Your reply must contain the full listing below, reproduced exactly, but no pictures.

■ The data ■
/---
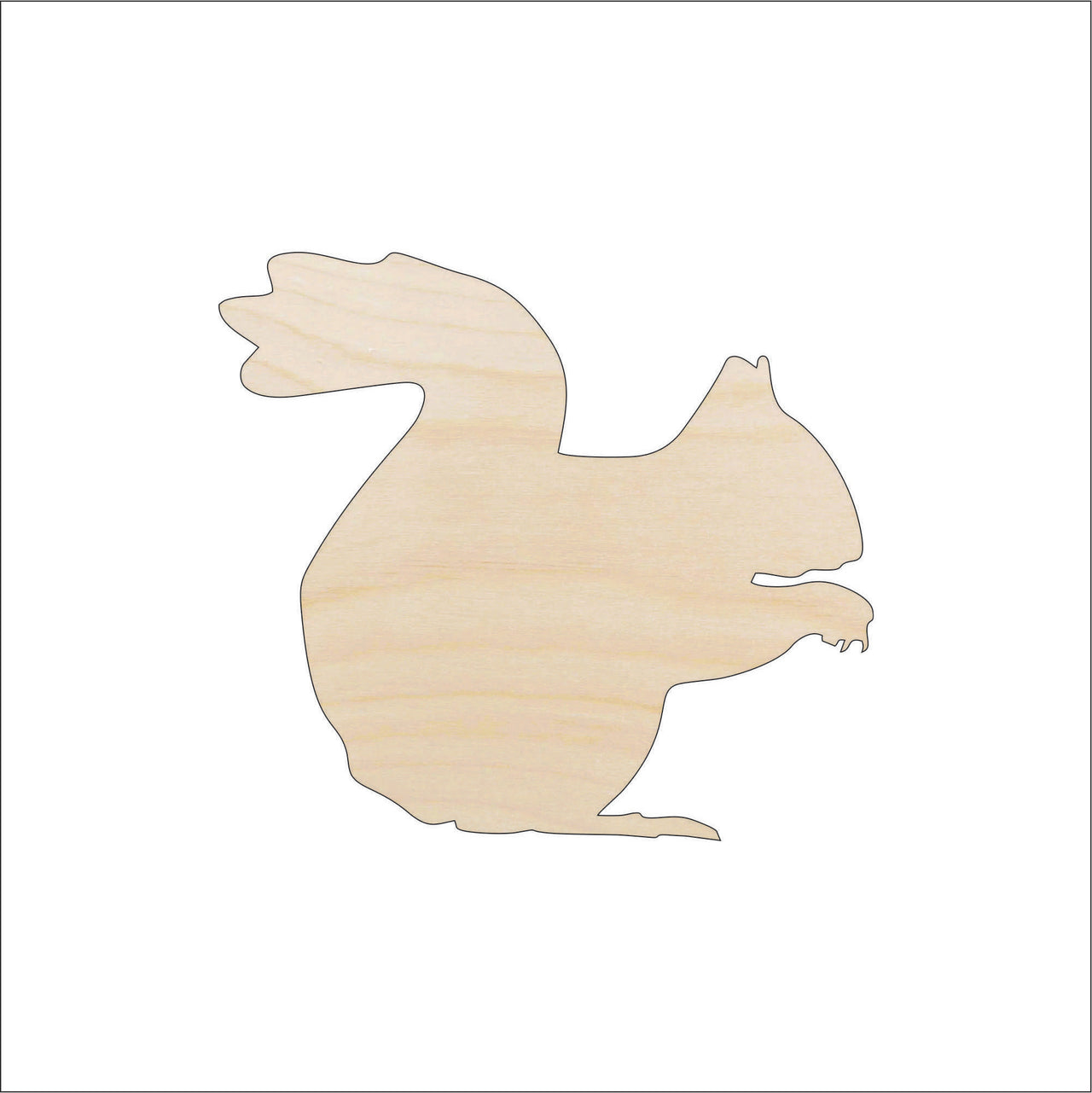 Squirrel Wood Craft Shape - Laser Cut Baltic Birch Unfinished DIY Wood Art Supplies RDT34 - The Wood Shape Store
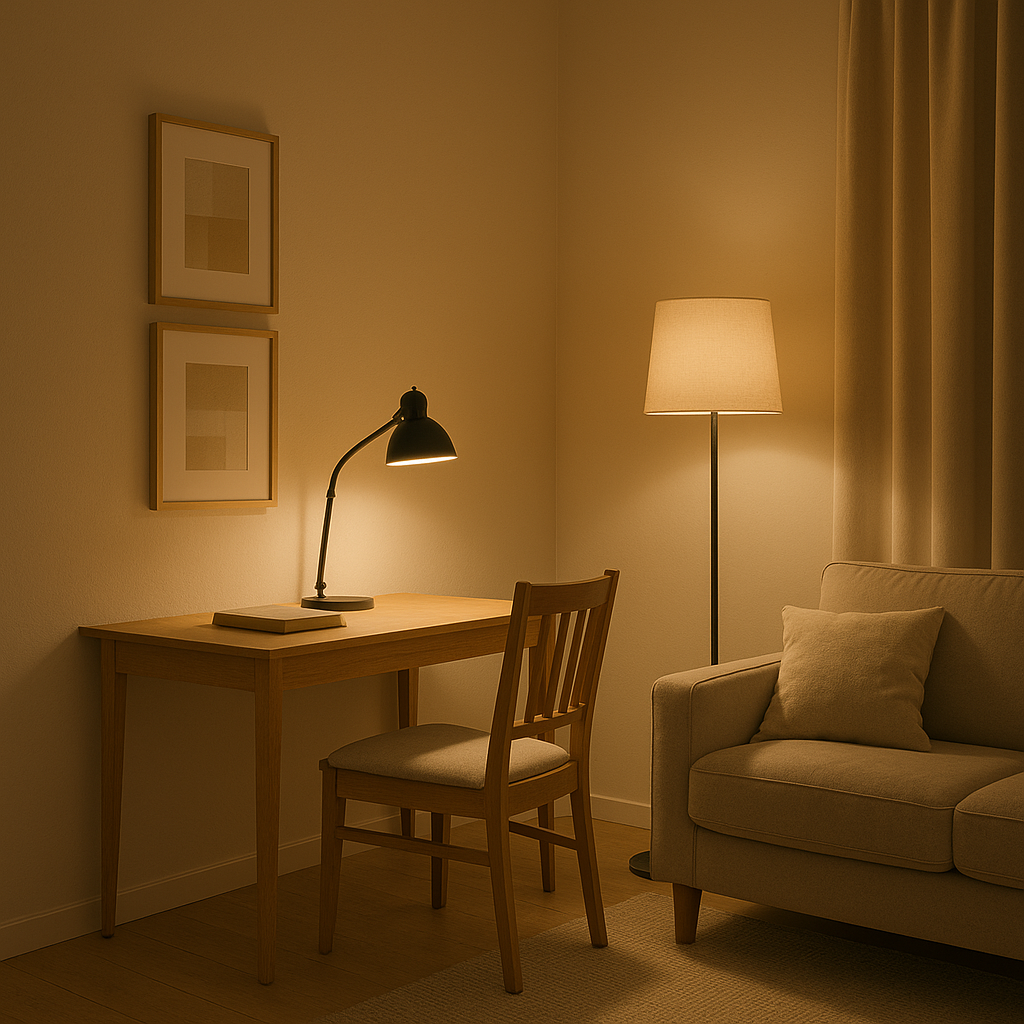 акцентное освещение письменного стола теплым светом в современном интерьере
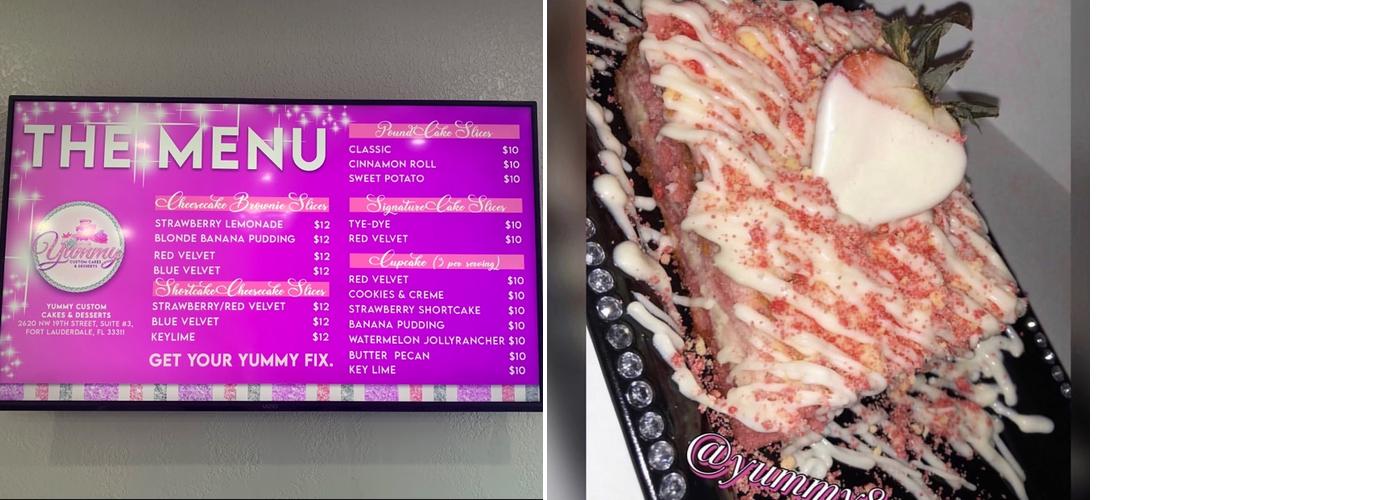 Yummy Custom Cakes & Desserts Menu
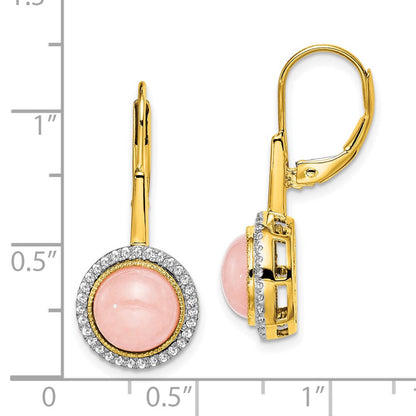14K Gold Ohrringe mit Rosenquarz und echten Diamanten, Leverback-Verschluss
\---
■ Solution to the problem ■
 Squirrel Wood Craft Shape - Laser Cut Baltic Birch Unfinished DIY Wood Art Supplies RDT34 - The Wood Shape Store
 акцентное освещение письменного стола теплым светом в современном интерьере
 Yummy Custom Cakes & Desserts Menu
14K Gold Ohrringe mit Rosenquarz und echten Diamanten, Leverback-Verschluss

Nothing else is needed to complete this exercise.